Christmas is an interesting time of year. My job carries me to my company’s several mall locations and so it is difficult to not become jaded by the long hours, loaded parking lots, cheesy canned holiday music, and the crass commercialization of the holiday. Those aren’t sleigh bells, they’re cash registers. Now I’m not opposed to the giving of gifts and the parties and the general holiday cheer (though too often, it seems, people seem more afflicted with holiday stress and exhaustion). But, looking around, it certainly seems that, in America at least, that beyond swiping credit cards, this winter festival we sometimes (OK not so much anymore) call Christmas has more to do with family, lights, gifts, and warm fuzzies.

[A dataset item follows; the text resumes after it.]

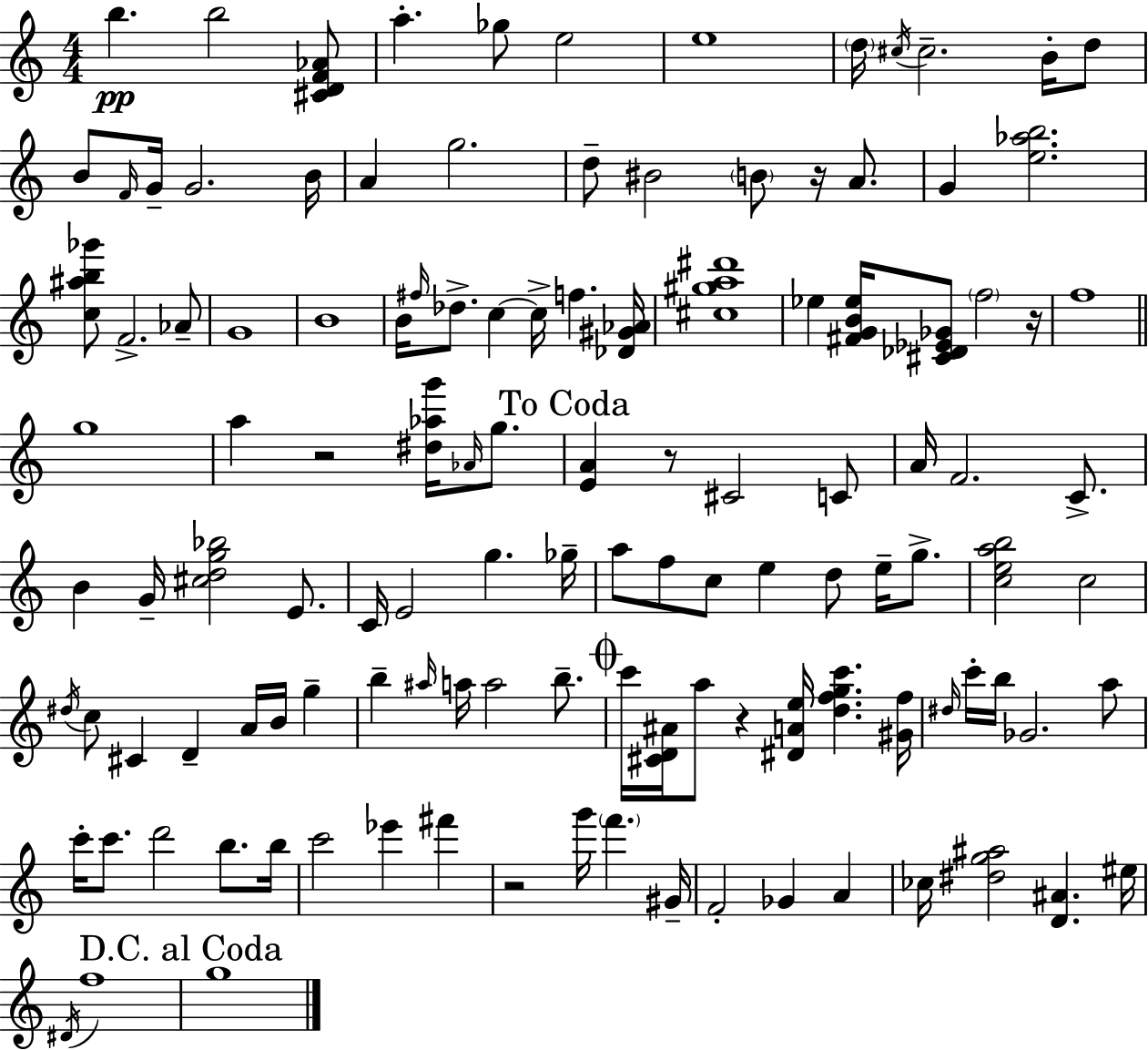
B5/q. B5/h [C#4,D4,F4,Ab4]/e A5/q. Gb5/e E5/h E5/w D5/s C#5/s C#5/h. B4/s D5/e B4/e F4/s G4/s G4/h. B4/s A4/q G5/h. D5/e BIS4/h B4/e R/s A4/e. G4/q [E5,Ab5,B5]/h. [C5,A#5,B5,Gb6]/e F4/h. Ab4/e G4/w B4/w B4/s F#5/s Db5/e. C5/q C5/s F5/q. [Db4,G#4,Ab4]/s [C#5,G#5,A5,D#6]/w Eb5/q [F#4,G4,B4,Eb5]/s [C#4,Db4,Eb4,Gb4]/e F5/h R/s F5/w G5/w A5/q R/h [D#5,Ab5,G6]/s Ab4/s G5/e. [E4,A4]/q R/e C#4/h C4/e A4/s F4/h. C4/e. B4/q G4/s [C#5,D5,G5,Bb5]/h E4/e. C4/s E4/h G5/q. Gb5/s A5/e F5/e C5/e E5/q D5/e E5/s G5/e. [C5,E5,A5,B5]/h C5/h D#5/s C5/e C#4/q D4/q A4/s B4/s G5/q B5/q A#5/s A5/s A5/h B5/e. C6/s [C#4,D4,A#4]/s A5/e R/q [D#4,A4,E5]/s [D5,F5,G5,C6]/q. [G#4,F5]/s D#5/s C6/s B5/s Gb4/h. A5/e C6/s C6/e. D6/h B5/e. B5/s C6/h Eb6/q F#6/q R/h G6/s F6/q. G#4/s F4/h Gb4/q A4/q CES5/s [D#5,G5,A#5]/h [D4,A#4]/q. EIS5/s D#4/s F5/w G5/w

By the way, I don’t necessarily think that any of those things are inherently bad.
So I’m amused at the rancor in some quarters over the fact that the word “Christmas” has been shoved under the rug. The phrase “Happy Holidays” is, to some, despicable and even oppressive. A “Holiday Tree?” Don’t even get them started. These challenges are to be met with defiance and boycotts. Now, to be honest, I also think the paranoid dismissal of the term “Christmas” is quite silly – everybody knows that’s what happens on December 25 and that’s what most people celebrate. Such a fact is treated like a new “Don’t Ask Don’t Tell” policy in secular America and, yes, it’s just silly.
But, Christian, what do you expect? A secular (pagan?) culture cannot possibly understand Christmas – the eyes of the heart have been blinded and darkened. (And do realize that this is not a Christian culture.) It can understand “Peace on Earth” to be a vague, feel-good sentiment about ending war; but it cannot understand it as the consequence of the incarnate Savior who conquers death and hell and wins peace for His Kingdom. It can enjoy a warm family gathering and the exchange of presents; but it cannot understand the hope of new life as a child adopted into the household of God. Only the Holy Spirit can bring insight into these things.
Of course, sometimes it seems that we Christians have forgotten some of these truths. So why do we yell at our lost culture for not using the correct terminology in their catalogs? When news comes that Target will say “Merry Christmas” after all, you may have won an inconsequential battle but be losing the war. It seems that the better course would be to, as we have opportunity, explain the mystery and meaning of the Incarnation to those who are perishing.